Marcotte refers to the race for county executive, in which accusations have emerged recently from Astorino’s campaign that Cavallo, who endorsed New Rochelle Mayor Noam Bramson, the Democratic candidate, did so out of spite when Astorino failed to grant county jobs to people in the Independence Party who were close to Cavallo.
Astorino has collected enough petitions to primary for the line, which is considered crucial to the county executive’s re-election bid.
Marcotte said she was surprised by Cavallo’s decision to back Jacobs because he told her during her interview with the party that she would receive the endorsement and had nothing to worry about. The county legislator said that she would have preferred Cavallo tell her the truth about Astorino and the party chair being at odds, leading him to endorse her opponent.
“I’d have far more respect for him; I do know that all of the Republicans are doing the primary,” Marcotte said. “This is going to be a county-wide primary except for who is unopposed.”
If she doesn’t win the primary, Marcotte said the loss of the Independence Party line will adversely affect her campaign. Currently, she is reaching out to residents to try to get them to head down to the polls during the primary to write her name and Astorino’s on the ballot.
The county legislator said she isn’t discouraged by the extra work of contacting voters.
“All part of the process; it doesn’t put me off that much,” Marcotte said.

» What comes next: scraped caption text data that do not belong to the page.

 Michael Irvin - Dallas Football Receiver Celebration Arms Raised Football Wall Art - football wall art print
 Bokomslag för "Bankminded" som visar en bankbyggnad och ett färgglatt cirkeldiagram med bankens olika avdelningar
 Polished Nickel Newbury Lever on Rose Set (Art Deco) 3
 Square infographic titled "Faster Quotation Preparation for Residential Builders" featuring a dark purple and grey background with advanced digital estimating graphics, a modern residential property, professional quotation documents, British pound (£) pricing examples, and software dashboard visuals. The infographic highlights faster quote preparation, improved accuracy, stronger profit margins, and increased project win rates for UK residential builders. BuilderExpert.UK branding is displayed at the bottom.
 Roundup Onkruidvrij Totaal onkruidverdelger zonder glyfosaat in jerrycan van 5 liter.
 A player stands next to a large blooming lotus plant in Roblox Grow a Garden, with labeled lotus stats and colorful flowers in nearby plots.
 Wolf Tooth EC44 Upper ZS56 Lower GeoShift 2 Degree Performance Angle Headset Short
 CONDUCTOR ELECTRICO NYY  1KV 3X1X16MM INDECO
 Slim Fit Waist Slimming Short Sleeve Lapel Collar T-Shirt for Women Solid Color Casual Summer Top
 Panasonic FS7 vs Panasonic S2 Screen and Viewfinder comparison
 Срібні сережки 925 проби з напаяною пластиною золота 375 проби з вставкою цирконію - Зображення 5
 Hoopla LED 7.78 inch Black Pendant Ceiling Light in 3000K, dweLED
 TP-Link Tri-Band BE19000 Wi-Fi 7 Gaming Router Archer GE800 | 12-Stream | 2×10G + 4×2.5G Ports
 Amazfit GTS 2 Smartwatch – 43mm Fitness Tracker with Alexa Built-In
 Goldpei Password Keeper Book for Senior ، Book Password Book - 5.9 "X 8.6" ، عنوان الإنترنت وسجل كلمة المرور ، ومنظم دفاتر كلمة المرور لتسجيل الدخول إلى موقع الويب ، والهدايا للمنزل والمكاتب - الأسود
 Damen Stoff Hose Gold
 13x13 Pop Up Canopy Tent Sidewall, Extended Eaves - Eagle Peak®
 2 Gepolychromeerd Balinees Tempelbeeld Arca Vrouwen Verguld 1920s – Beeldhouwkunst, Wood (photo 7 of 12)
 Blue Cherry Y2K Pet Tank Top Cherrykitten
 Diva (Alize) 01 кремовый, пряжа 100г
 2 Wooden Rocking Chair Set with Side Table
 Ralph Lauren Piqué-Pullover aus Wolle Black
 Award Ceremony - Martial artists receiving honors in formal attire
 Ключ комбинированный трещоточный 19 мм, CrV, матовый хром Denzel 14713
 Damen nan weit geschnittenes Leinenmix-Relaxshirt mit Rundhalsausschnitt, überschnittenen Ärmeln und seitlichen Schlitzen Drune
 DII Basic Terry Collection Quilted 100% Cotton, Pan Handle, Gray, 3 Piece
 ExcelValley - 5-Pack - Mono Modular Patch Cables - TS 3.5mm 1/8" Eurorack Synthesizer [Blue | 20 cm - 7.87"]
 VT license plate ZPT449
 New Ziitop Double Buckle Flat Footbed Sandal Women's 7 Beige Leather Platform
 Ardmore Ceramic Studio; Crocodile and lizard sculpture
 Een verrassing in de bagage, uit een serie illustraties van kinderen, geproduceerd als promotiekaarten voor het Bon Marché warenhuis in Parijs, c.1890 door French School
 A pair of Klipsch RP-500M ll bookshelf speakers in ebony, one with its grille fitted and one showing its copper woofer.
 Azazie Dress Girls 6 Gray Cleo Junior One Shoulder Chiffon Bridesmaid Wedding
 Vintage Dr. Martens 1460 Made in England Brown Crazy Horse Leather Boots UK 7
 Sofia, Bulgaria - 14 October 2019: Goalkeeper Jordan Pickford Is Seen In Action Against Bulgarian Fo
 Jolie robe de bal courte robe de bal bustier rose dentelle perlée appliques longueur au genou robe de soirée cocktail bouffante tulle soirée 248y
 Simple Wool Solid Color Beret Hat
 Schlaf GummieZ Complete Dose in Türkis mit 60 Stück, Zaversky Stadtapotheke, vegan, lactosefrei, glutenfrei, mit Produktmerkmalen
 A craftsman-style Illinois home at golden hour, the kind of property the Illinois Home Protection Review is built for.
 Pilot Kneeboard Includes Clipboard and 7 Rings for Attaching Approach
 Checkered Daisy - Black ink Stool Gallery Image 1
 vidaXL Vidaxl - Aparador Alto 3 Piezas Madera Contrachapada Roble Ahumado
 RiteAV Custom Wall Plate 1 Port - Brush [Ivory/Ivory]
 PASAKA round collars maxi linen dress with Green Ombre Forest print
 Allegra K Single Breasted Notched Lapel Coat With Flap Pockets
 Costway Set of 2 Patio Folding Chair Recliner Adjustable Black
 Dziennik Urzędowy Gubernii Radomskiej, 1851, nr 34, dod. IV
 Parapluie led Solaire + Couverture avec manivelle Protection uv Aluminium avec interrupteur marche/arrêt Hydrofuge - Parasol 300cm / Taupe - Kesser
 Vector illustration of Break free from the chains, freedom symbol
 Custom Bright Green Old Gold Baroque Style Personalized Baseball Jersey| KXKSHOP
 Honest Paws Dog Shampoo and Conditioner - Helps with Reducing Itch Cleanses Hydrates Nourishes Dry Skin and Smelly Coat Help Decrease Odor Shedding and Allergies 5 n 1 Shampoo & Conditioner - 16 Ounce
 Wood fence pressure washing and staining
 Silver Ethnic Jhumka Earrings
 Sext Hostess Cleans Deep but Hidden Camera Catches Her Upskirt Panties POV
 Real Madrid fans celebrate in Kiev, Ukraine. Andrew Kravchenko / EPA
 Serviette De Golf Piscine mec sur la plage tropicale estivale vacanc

Jacobs said she thinks that she received the Independence endorsement based on her stance on various issues that she discussed with the party chair during her interview. Jacobs said she has experience working with multi-million dollar budgets and wants all political parties to be heard. During the interview, Cavallo never mentioned Astorino or his relationship with him, she said.
“I believe you get things done when you work together. I don’t think that’s always happened with the current administration,” Jacobs said. “I was endorsed for who I am and what I stand for, and I’ve got a great deal of support in the community.”
Jacobs said she was happy to receive the endorsement; as she would be from any political party because she has never run for elected office before.
“Every single vote is very important and counts,” Jacobs said.
County legislators are elected to serve two-year terms.